We often don’t look at the things around us that we see each day and observe the different textures they are made of. I wanted to take a series of photos which reflects the different patterns, colours and depth of some of the items we see each day but pay little attention to. Often textures in these industrial products seem cold and not as warm as those of the natural world, but using different light and different angles, you can begin to appreciate that even cold surfaces can be warm.
All three photos in this series were taken using a Cannon EOS5D Mark II on a 40mm lens.
The first image, ‘Benchlines’, was taken in the early afternoon using the light from shadows of the surrounding trees. It was taken on a shutter speed of 1/640 sec, with an aperture of f/3.2. The image was taken in colour and then edited in black-and-white.

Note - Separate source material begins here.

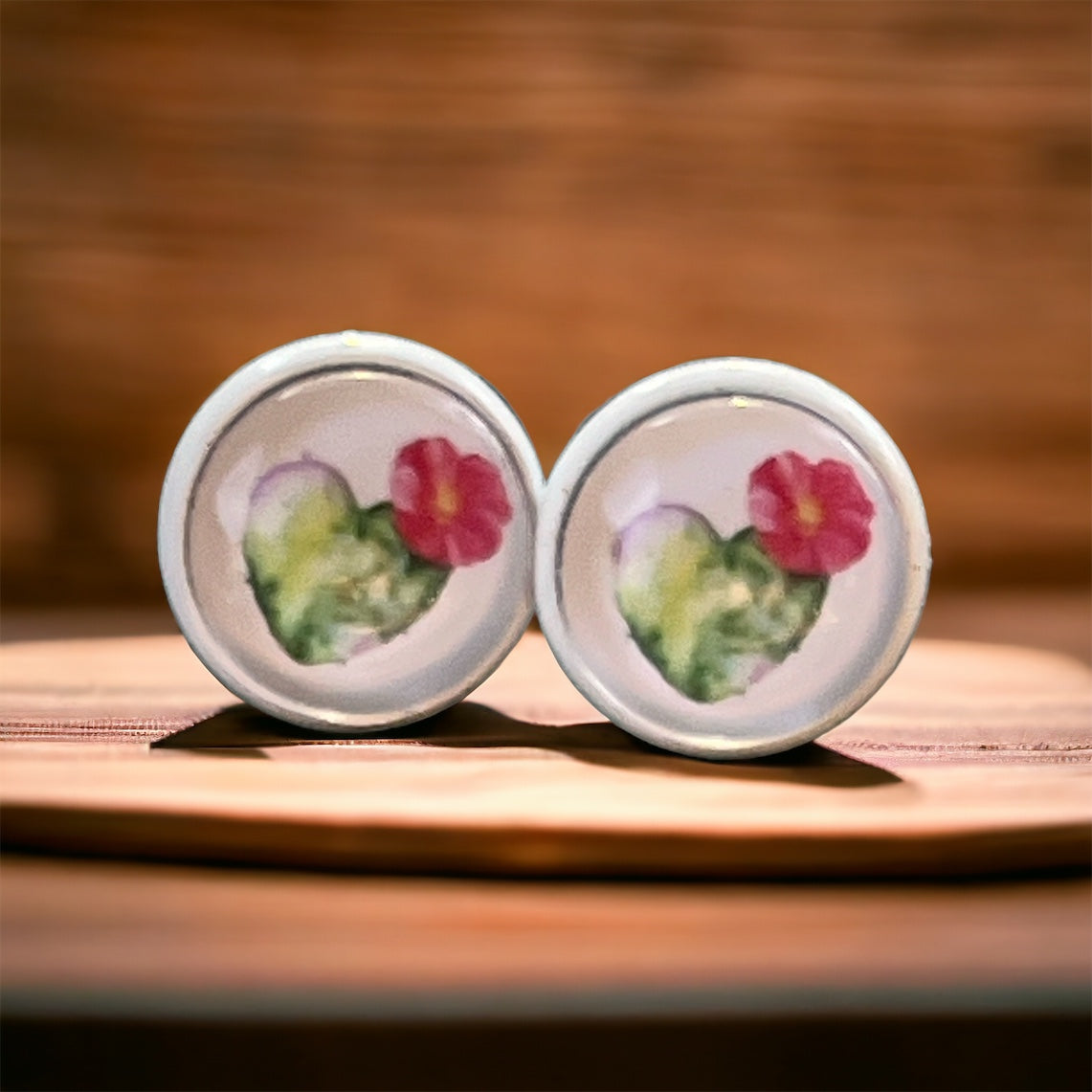 Flowering Cactus Heart Valentine Succulent White Stud Earrings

Changing the colour meant the coldness of the stainless steel became warmer and allowed the details of the lines of the bench to be more visible.

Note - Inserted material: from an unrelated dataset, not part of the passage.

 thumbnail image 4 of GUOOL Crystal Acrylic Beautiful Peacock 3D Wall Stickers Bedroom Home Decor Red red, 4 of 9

The second image, ‘Tread’, was taken on a shutter speed of 1/60 sec, with an aperture of f/4. The image was of a tyre of a wrecked-out car, which I edited out of the image to focus on the patterns and the depth of the actual tyre tread.
The third image, ‘Neglected’, is of the side of a burnt-out and rusted car which was left in bushland near our house. The picture was taken on a shutter speed of 1/125 sec, with an aperture of f/4. By zooming in and cropping the image, it makes the small grains of orange rust pop out against the flat iron surface. The colours make this hard surface warm and bright.